Oliver is full of questions. How do planes stay in the sky? Could a penguin live in the refrigerator? When he hears a gurgling tub drain, he wonders if there's a hungry monster in the pipes. Mom won't let him try feeding it a banana, so he makes a cardboard submarine and dives down the drain … and discovers a lively group of vacationing penguins. It's been a fun trip, but Oliver knows his mom will miss him. Could the penguins help him find his way home?

Is it any good?

OLIVER is a delightful book to read together: Kids and parents will see a bit of themselves in both Oliver and his mom. He's a whirlwind of happy energy, drawing up plans and taping things together and jumping off walls. His loving mom is busy, too, hanging the laundry, cleaning up from lunch, and hoping to get in a nap.

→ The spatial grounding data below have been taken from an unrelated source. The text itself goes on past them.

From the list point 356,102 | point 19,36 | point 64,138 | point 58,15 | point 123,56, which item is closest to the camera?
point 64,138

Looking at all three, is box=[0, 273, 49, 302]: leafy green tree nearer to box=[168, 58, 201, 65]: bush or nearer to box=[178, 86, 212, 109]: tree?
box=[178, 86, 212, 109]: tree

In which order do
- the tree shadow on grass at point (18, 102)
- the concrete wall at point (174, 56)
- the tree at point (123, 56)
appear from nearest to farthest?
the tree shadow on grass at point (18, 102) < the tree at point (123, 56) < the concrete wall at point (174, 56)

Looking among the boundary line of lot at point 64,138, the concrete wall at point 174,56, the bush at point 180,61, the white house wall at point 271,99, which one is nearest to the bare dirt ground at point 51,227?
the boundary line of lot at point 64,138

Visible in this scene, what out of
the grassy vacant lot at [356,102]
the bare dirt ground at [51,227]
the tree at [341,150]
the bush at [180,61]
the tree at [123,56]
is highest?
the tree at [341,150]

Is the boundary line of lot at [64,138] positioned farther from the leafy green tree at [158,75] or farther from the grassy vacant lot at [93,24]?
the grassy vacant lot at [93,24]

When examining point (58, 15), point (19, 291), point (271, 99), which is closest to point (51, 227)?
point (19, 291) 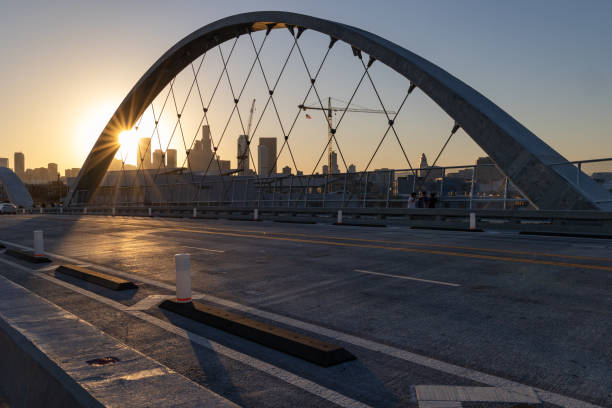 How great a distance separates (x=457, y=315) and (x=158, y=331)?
11.6 feet

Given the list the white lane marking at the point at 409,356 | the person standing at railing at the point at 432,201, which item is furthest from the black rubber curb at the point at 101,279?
the person standing at railing at the point at 432,201

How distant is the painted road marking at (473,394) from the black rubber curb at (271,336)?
871 millimetres

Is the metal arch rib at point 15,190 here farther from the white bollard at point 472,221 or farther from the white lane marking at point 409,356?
the white lane marking at point 409,356

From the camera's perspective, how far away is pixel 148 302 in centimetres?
706

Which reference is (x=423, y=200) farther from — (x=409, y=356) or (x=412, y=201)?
(x=409, y=356)

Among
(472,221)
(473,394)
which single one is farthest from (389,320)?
(472,221)

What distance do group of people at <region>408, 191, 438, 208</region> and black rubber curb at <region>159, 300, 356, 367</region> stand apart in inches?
745

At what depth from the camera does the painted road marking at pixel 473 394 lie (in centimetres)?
343

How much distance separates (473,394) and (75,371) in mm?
3028

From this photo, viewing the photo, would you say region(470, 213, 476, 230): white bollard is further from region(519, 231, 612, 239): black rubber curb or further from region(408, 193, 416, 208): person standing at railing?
region(408, 193, 416, 208): person standing at railing

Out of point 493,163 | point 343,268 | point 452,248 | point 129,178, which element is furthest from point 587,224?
point 129,178

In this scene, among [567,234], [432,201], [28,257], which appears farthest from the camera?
[432,201]

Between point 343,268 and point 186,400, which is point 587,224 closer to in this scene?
point 343,268

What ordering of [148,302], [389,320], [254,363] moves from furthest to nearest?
[148,302], [389,320], [254,363] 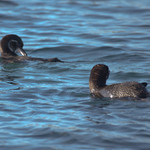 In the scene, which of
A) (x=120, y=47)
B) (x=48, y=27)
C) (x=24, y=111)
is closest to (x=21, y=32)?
(x=48, y=27)

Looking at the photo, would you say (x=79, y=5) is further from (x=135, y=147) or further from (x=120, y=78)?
(x=135, y=147)

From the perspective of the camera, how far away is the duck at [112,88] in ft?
27.1

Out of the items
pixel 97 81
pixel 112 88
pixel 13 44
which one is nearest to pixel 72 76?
pixel 97 81

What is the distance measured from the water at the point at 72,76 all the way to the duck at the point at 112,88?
0.52 feet

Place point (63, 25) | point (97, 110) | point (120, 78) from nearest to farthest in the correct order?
point (97, 110) < point (120, 78) < point (63, 25)

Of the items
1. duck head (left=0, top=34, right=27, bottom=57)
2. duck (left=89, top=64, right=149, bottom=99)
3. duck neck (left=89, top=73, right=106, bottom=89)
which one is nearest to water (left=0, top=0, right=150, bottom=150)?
duck (left=89, top=64, right=149, bottom=99)

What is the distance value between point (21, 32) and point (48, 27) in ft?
4.15

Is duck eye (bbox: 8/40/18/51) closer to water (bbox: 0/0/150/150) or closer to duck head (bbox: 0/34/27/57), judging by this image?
duck head (bbox: 0/34/27/57)

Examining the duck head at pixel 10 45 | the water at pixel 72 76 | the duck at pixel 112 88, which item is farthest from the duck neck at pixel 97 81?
the duck head at pixel 10 45

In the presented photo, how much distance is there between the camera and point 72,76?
432 inches

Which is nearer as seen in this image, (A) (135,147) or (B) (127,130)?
(A) (135,147)

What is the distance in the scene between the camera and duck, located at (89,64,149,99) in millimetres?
8273

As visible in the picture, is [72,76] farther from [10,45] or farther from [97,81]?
[10,45]

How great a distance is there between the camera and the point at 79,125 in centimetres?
714
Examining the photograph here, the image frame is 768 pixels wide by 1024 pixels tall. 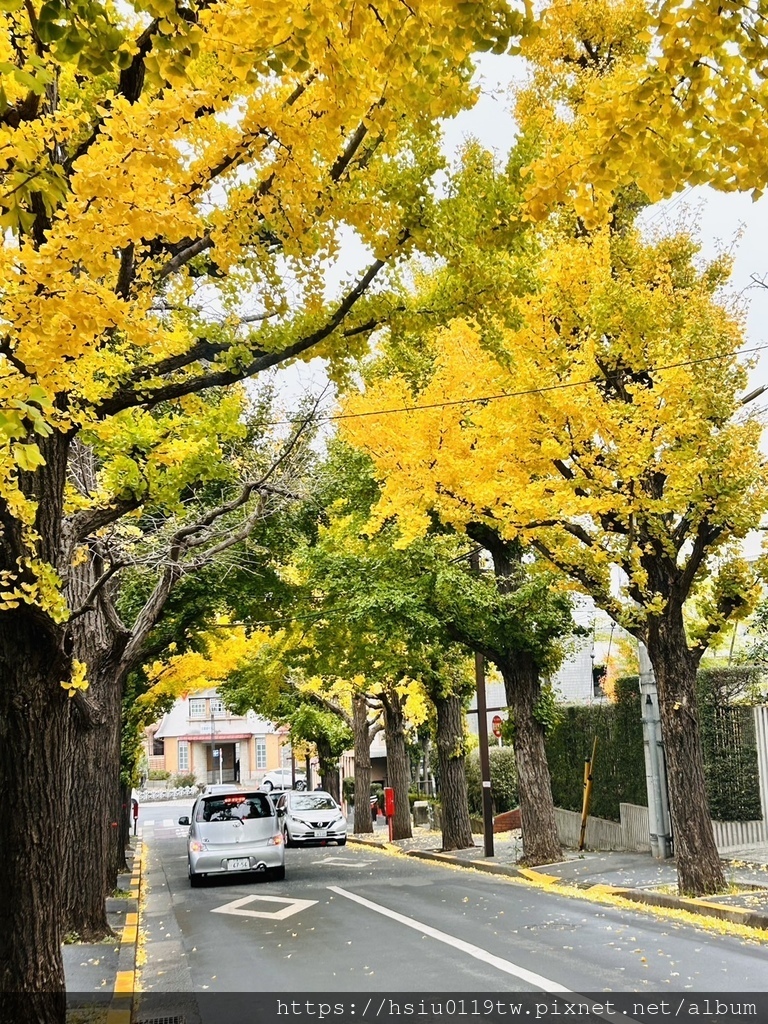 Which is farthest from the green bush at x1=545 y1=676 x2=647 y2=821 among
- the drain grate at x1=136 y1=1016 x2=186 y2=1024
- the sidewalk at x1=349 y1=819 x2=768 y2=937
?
the drain grate at x1=136 y1=1016 x2=186 y2=1024

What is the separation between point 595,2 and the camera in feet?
39.7

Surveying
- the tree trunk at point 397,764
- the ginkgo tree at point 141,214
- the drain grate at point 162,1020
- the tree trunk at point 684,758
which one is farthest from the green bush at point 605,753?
the ginkgo tree at point 141,214

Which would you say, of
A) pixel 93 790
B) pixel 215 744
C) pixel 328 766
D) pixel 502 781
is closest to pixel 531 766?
pixel 93 790

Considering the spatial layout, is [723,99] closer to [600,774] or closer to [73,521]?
[73,521]

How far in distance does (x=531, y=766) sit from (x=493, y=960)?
8322mm

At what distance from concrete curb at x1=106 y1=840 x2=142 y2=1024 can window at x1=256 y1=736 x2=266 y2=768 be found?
65355 mm

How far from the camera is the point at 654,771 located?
50.8 ft

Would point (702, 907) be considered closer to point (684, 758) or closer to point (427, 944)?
point (684, 758)

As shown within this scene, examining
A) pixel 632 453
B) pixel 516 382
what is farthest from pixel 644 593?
pixel 516 382

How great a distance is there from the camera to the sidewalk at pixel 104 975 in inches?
278

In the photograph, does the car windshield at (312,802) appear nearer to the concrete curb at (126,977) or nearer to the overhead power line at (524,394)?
the concrete curb at (126,977)

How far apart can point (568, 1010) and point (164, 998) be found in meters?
3.54

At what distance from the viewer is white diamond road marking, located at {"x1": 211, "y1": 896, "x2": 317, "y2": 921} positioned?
12.6 meters

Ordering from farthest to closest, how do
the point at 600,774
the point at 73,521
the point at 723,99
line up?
the point at 600,774
the point at 73,521
the point at 723,99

Judith Rossell's whimsical artwork -- a blend of watercolor, pencil, and collage -- brings the story to life. Preschoolers will enjoy pointing out recurring elements: Broccoli for lunch reappears as trees, the challenge to get airborne leads to a spread involving jet packs, and Oliver's cardboard submarine has an early cameo as refrigerator art.

Talk to your kids about ...

  • Families can talk about finding the answers to questions. If you're curious about something, how can you learn more?

  • Oliver found out "everything he could" about wings before trying to build his own pair. Why can't Oliver -- or penguins -- fly?

  • Preschoolers might want to go on their own adventure, like Oliver. Parents can supply a large box, scissors, tape, and markers, and then step back and let their child's imagination take over. Another good project: Grab pen and paper, and make up a down-the-drain adventure together.